I asked Dr Manoharan how he feels about the Australian Government’s belief the climate in his country has improved.
KASIPPILLAI MANOHARAN: No any safety for Tamils in Sri Lanka, impossible! Still the war is going on in Sri Lanka. Every day, every day.
Very recently one student – I think that he is 19 years or something – died (inaudible) killed by some other weapons group.
After that the magistrate want to open, make an open warrant for that murdering man. He is make threat for that same magistrate.
RACHAEL BROWN: Wazhma Frough left Afghanistan after threatening phone calls after her report on violence against women and marital rape.
She says she stopped believing in Australia’s democracy after its claims processing freeze.
WAZHMA FROUGH: And I think it is an international discrimination that… I was very much hoping that at least from the UN Human Rights Council and other human rights organisations we would hear protest about it.
Why are Afghans… Afghans anyways they have huge problems in terms of immigration in any country of the world.
RACHAEL BROWN: Amnesty’s Claudio Cordone says the claims processing freeze might have more to do with Australia’s strategic and business interests with the Sri Lankan Government and Australia’s commitment to the US led occupation of Afghanistan.
CLAUDIO CORDONE: The debate on asylum or just also like on migration is often very much driven by politics. And this may be another example of how – you know politics trump justice.
It’s not just Australia. It’s other countries. We’ve seen it in Europe and so on.
Again the key principles here remain the same from when the convention on refugees was adopted. That is individuals must have the right to apply for asylum and their cases must be analysed and adjudicated individually.
RACHAEL BROWN: The Brussels think tank has said that Australia tacitly backed the Government’s war against the LTTE and that the Rudd Government with its refugee freeze continues in that complicity.
Would you agree with that statement?
CLAUDIO CORDONE: I think the best evidence of commitment by Australia with regard to the situation in Sri Lanka is to back our call and the call from the International Crisis Group and others to have an independent inquiry into what happened during the war between the Tamil Tigers and the government.
There has been increasing evidence despite all the attempts by the Sri Lankan Government to deny it or to dismiss it that war crimes and other serious abuses have taken place.
The Sri Lankan Government is in no position to set up a credible national investigation. They promised the UN that they would take steps. And we’re calling on the UN and on other countries to make sure that there is an international inquiry and we would look forward to the Australian Government to back that call.
RACHAEL BROWN: Does it worry you that not much spotlight has been put on Sri Lanka? You know, we’re seeing civilian deaths of about 30,000 I believe compared to only 2,000 in Gaza which has received much more world-wide media attention.

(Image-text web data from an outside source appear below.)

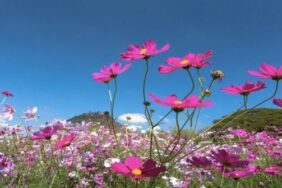 Havaya, suya, toprağa cemre düşme tarihleri!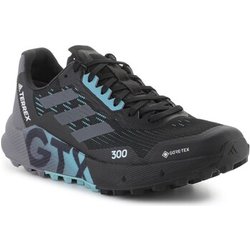 adidas Herrenschuhe Terrex Agravic Flow 2 Gtx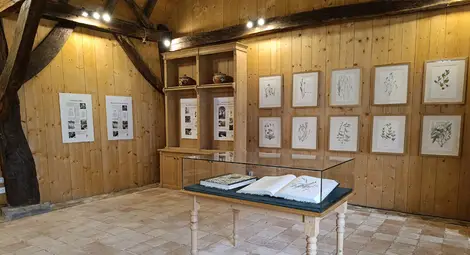 Идея за разходка около Коледа: На гости на крал Чарлз в Румъния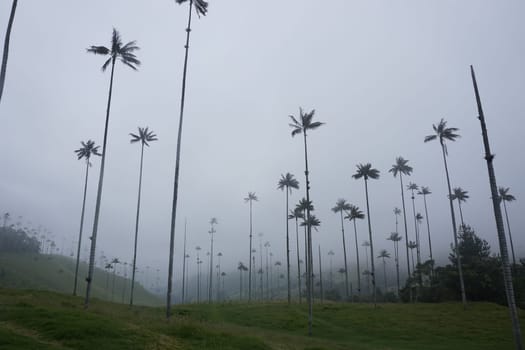 The famous wax palm trees of the Cocora Valley, Valle de Cocora on a foggy day, Eje Cafetero, Salento, Colombia 2020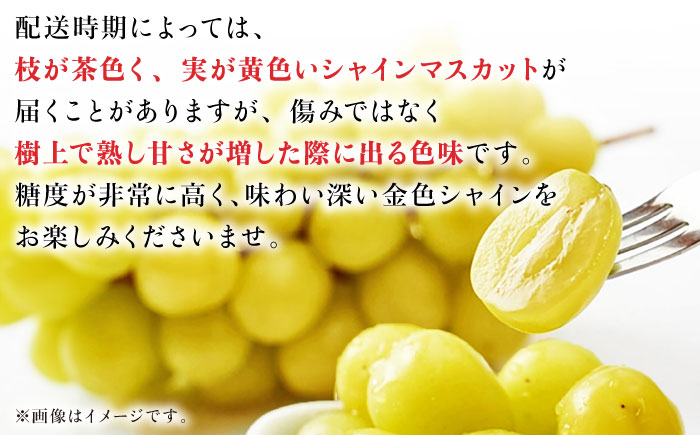 【先行予約】シャインマスカット 約2kg 3～5房 ぶどう 種なし【合同会社 福福堂】 [ZCN008]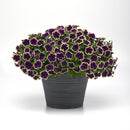 Petunia Blueberries & Cream - 1.5L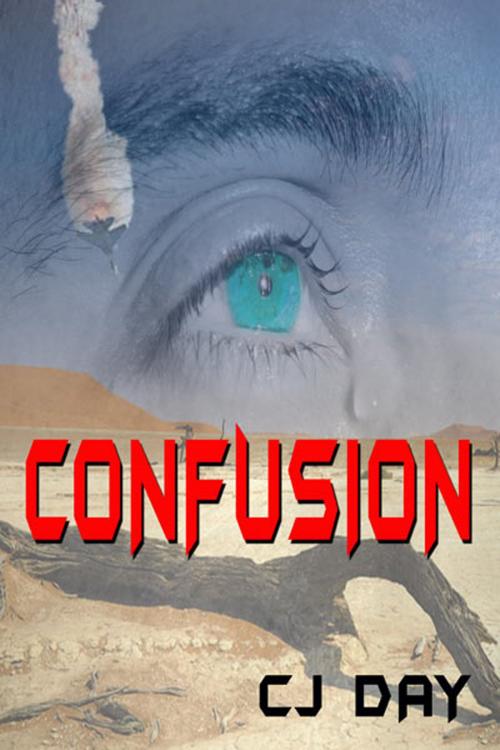 Cover of the book Confusion by CJ Day, CJ Day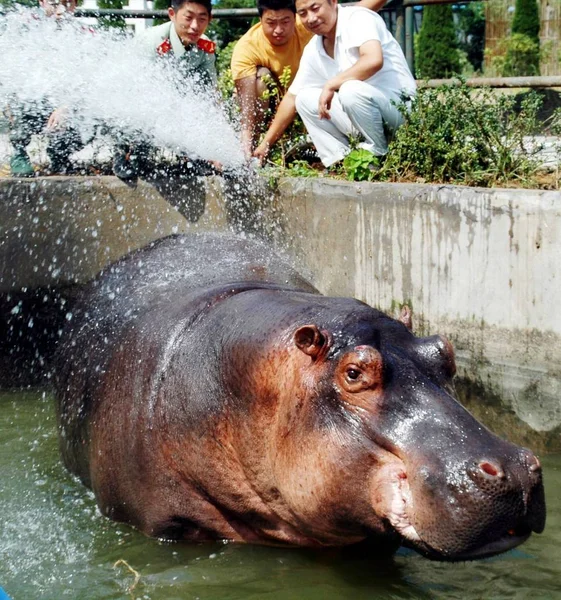 Chinese Fire Fighters Zoo Workers Pour Water Pool Hippo Weighing — 图库照片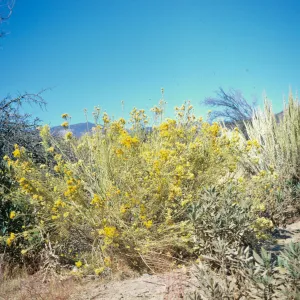 Chrysothamnus nauseosus ssp. mohavensis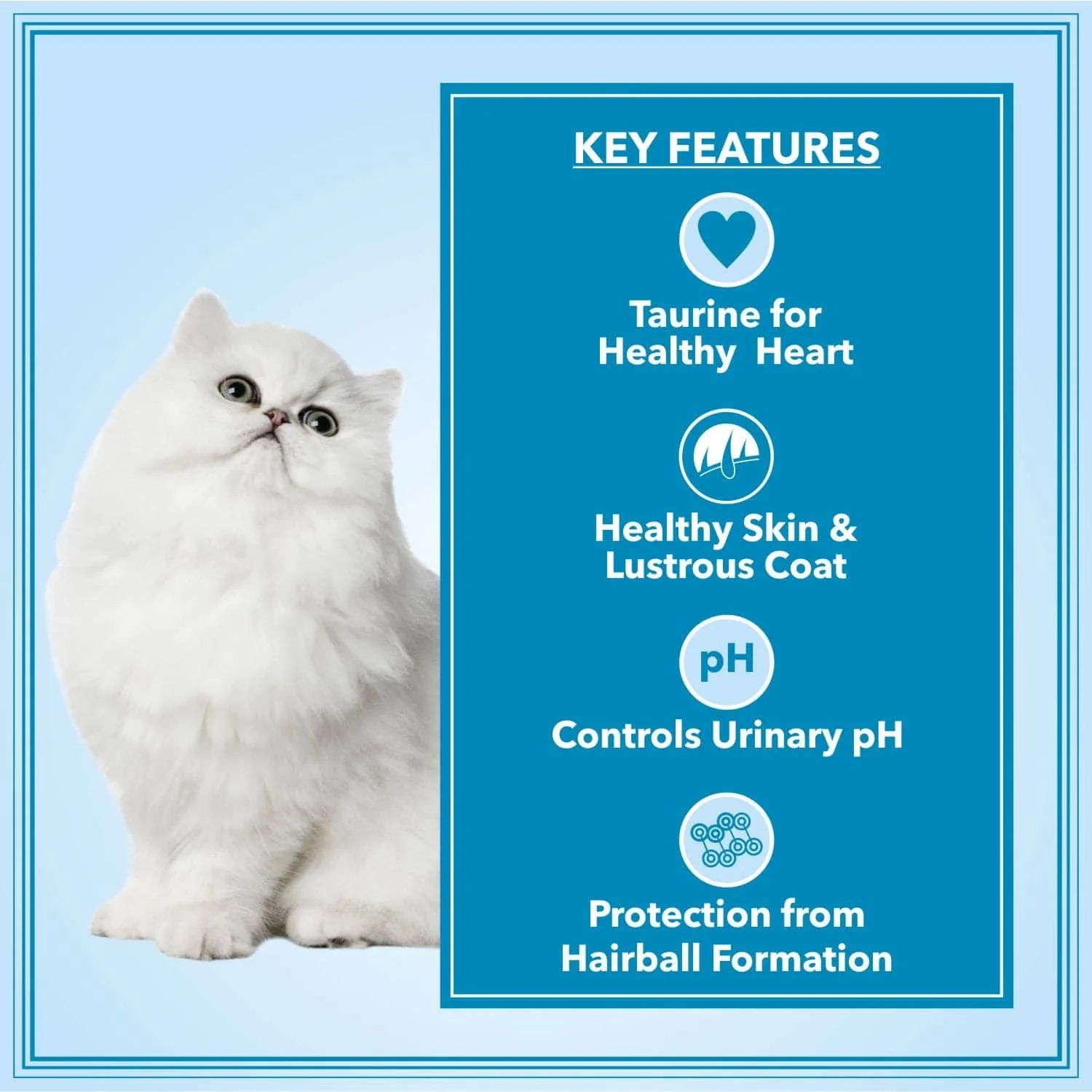 Let's Bite Active Persian Ocean Fish Cat Dry Food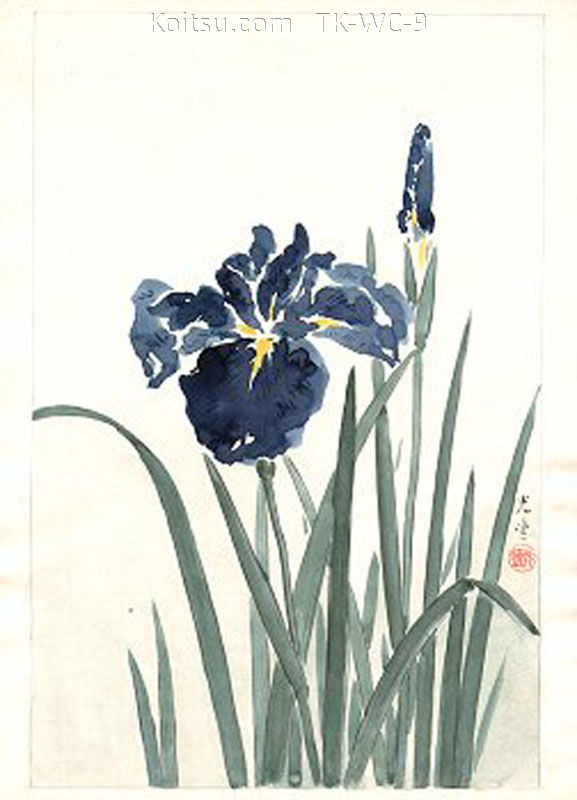Iris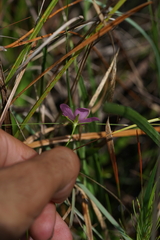 Sabatia campanulata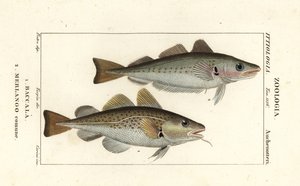 Cod fish and whiting
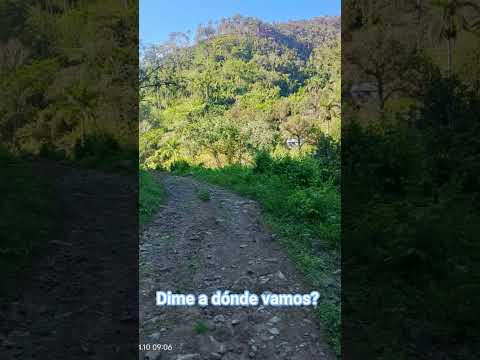 parajes de naturaleza Cubana, Granma, Buey Arriba #bueyarriba #paisajesextremos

CLAUDIO CORDONE: I think partly it’s a result of the fact that powerful governments are not interested in seeing Sri Lanka being held to account. And that’s why we’re insisting for international commission of inquiry.
And it is important that regardless of the numbers, the fact that if you don’t have a proper commission of inquiry you’ll never get to the truth. And this is one of the preconditions for actually protracting the conflict.
Today the Tigers may have been defeated. But unless you address the situation, discrimination and so on of the Tamil minority in Sri Lanka this conflict can erupt in different ways and continue.
ELEANOR HALL: That’s Amnesty’s interim secretary general Claudio Cordone ending that report by Rachael Brown.